* **TASK INPUT**
........

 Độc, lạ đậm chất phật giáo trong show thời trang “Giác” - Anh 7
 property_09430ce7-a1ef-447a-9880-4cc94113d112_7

........

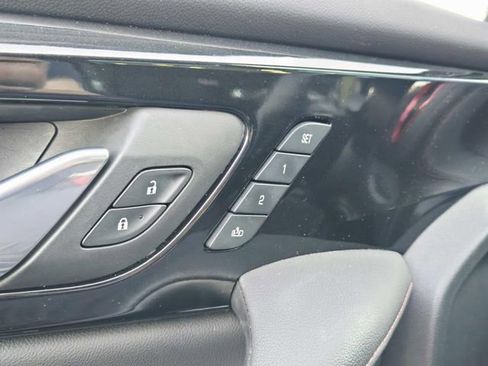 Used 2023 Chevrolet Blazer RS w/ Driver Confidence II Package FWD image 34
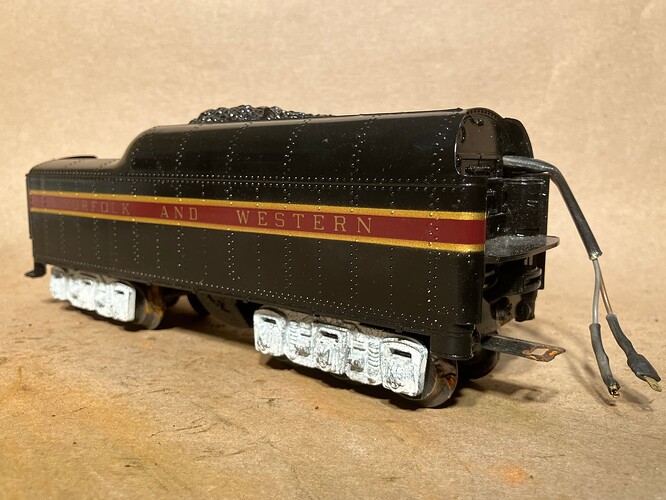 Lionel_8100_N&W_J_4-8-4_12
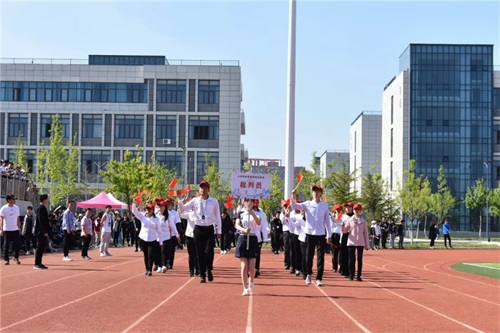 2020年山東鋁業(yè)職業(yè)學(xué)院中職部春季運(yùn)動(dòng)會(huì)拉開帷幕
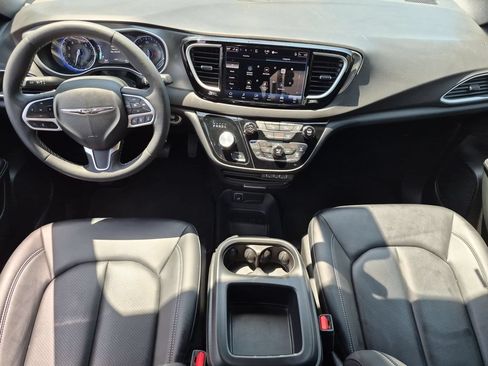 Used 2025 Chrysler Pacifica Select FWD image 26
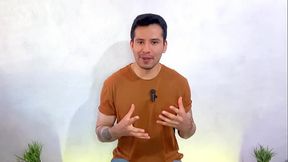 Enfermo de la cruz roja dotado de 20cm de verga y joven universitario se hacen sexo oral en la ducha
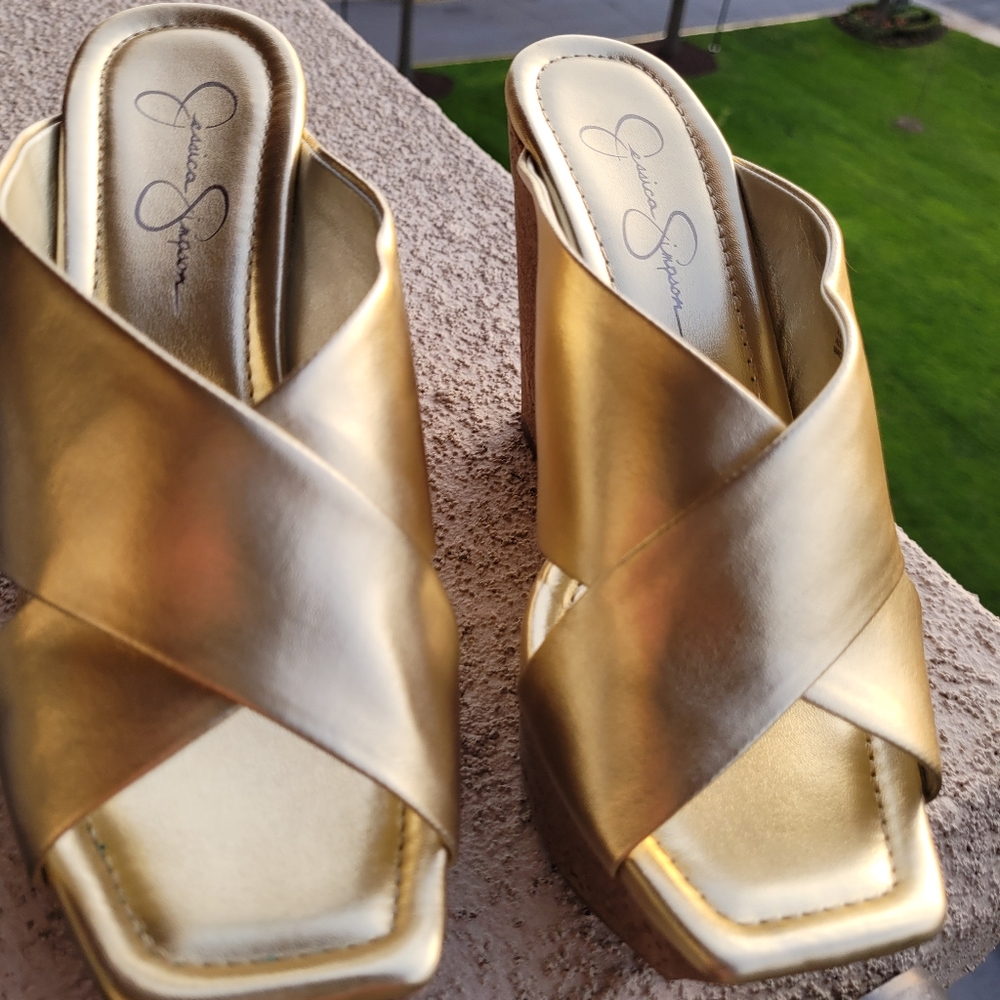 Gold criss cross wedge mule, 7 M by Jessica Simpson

........

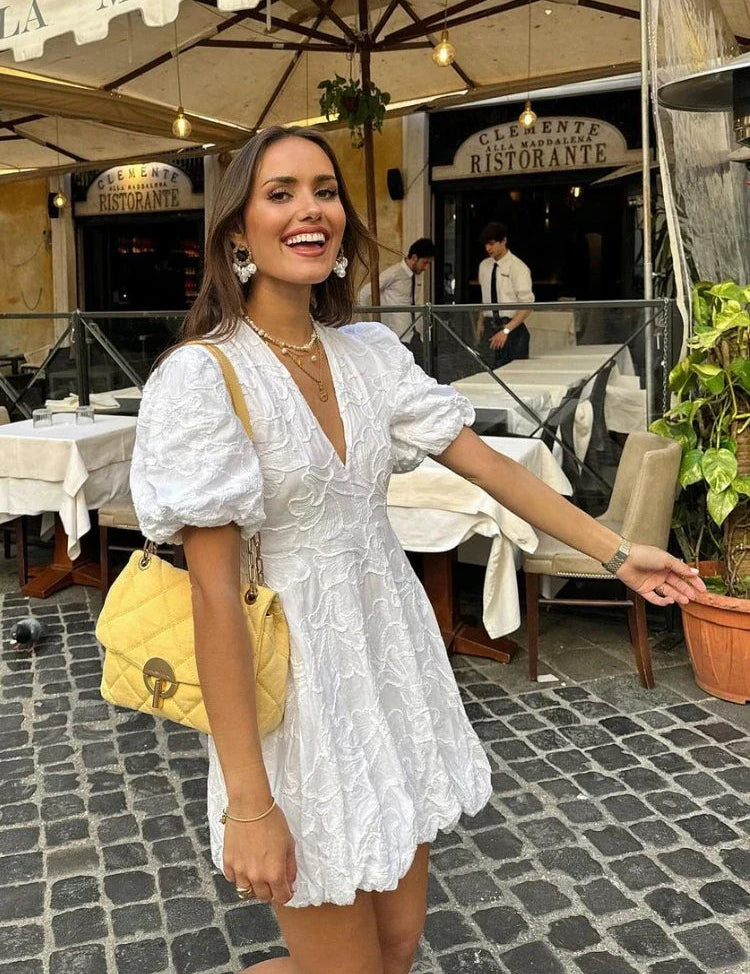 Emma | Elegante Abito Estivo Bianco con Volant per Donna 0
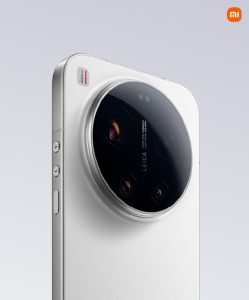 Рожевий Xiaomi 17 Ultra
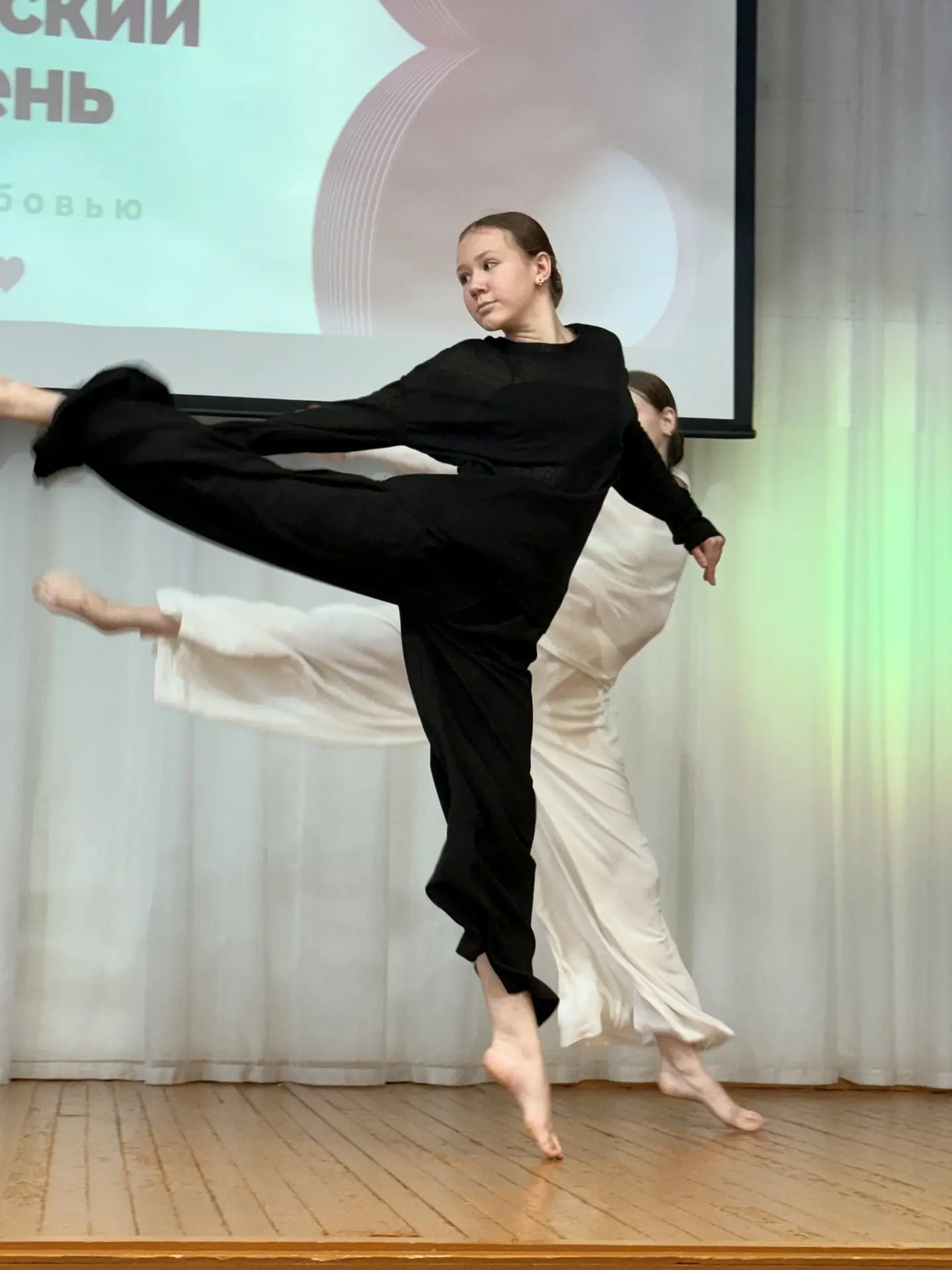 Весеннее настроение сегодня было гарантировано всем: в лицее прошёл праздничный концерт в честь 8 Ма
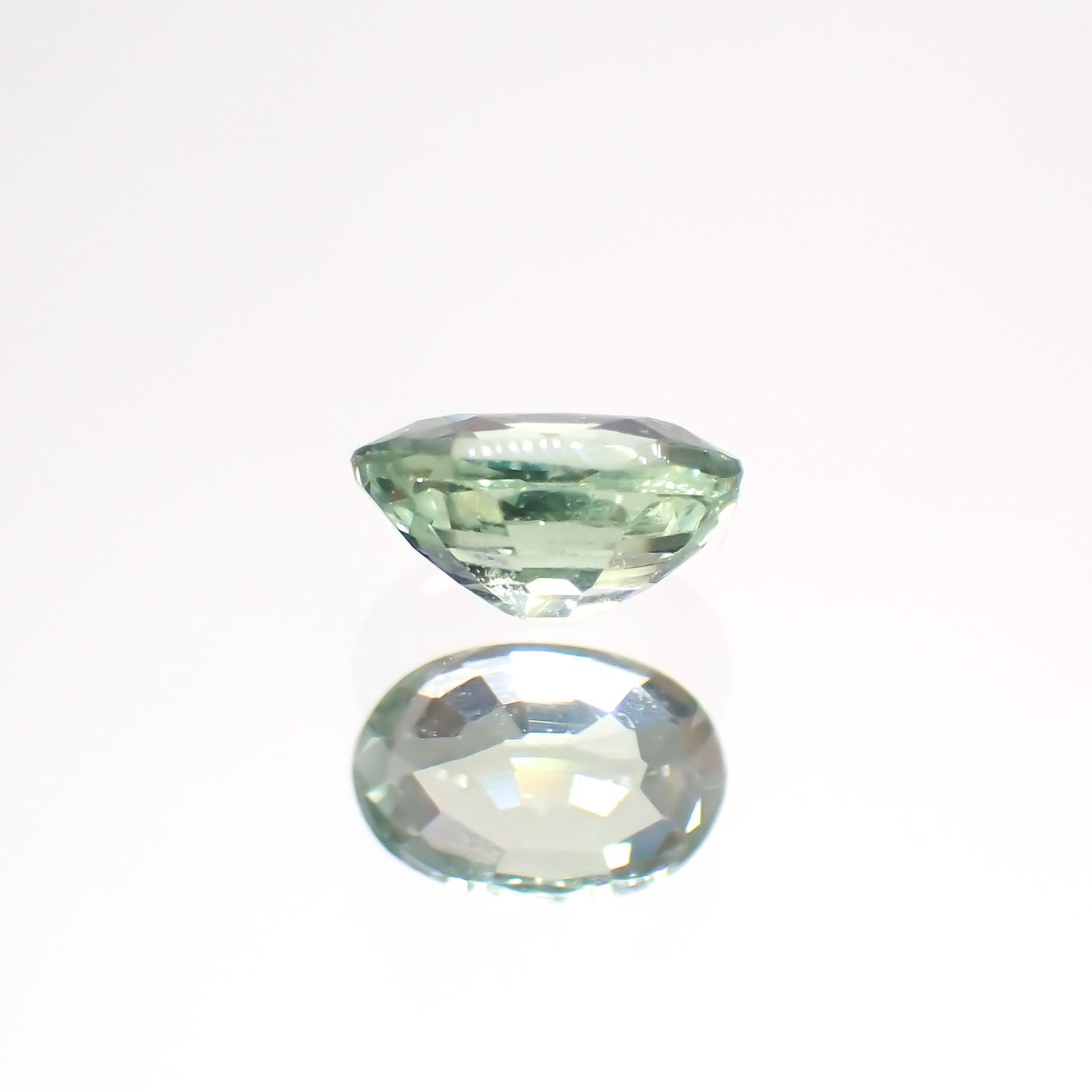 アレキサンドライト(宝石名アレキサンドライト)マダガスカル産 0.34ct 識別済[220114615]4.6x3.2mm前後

........

* **TASK TO CARRY OUT**
Among the entries above, copy exactly the stretch from the line holding "Lionel_8100_N&W_J_4-8-4_12" through the line holding "Gold criss cross", leaving out any pictures.

* **YOUR RESPONSE**
 Lionel_8100_N&W_J_4-8-4_12
 2020年山東鋁業(yè)職業(yè)學(xué)院中職部春季運(yùn)動(dòng)會(huì)拉開帷幕
 Used 2025 Chrysler Pacifica Select FWD image 26
 Enfermo de la cruz roja dotado de 20cm de verga y joven universitario se hacen sexo oral en la ducha
 Gold criss cross wedge mule, 7 M by Jessica Simpson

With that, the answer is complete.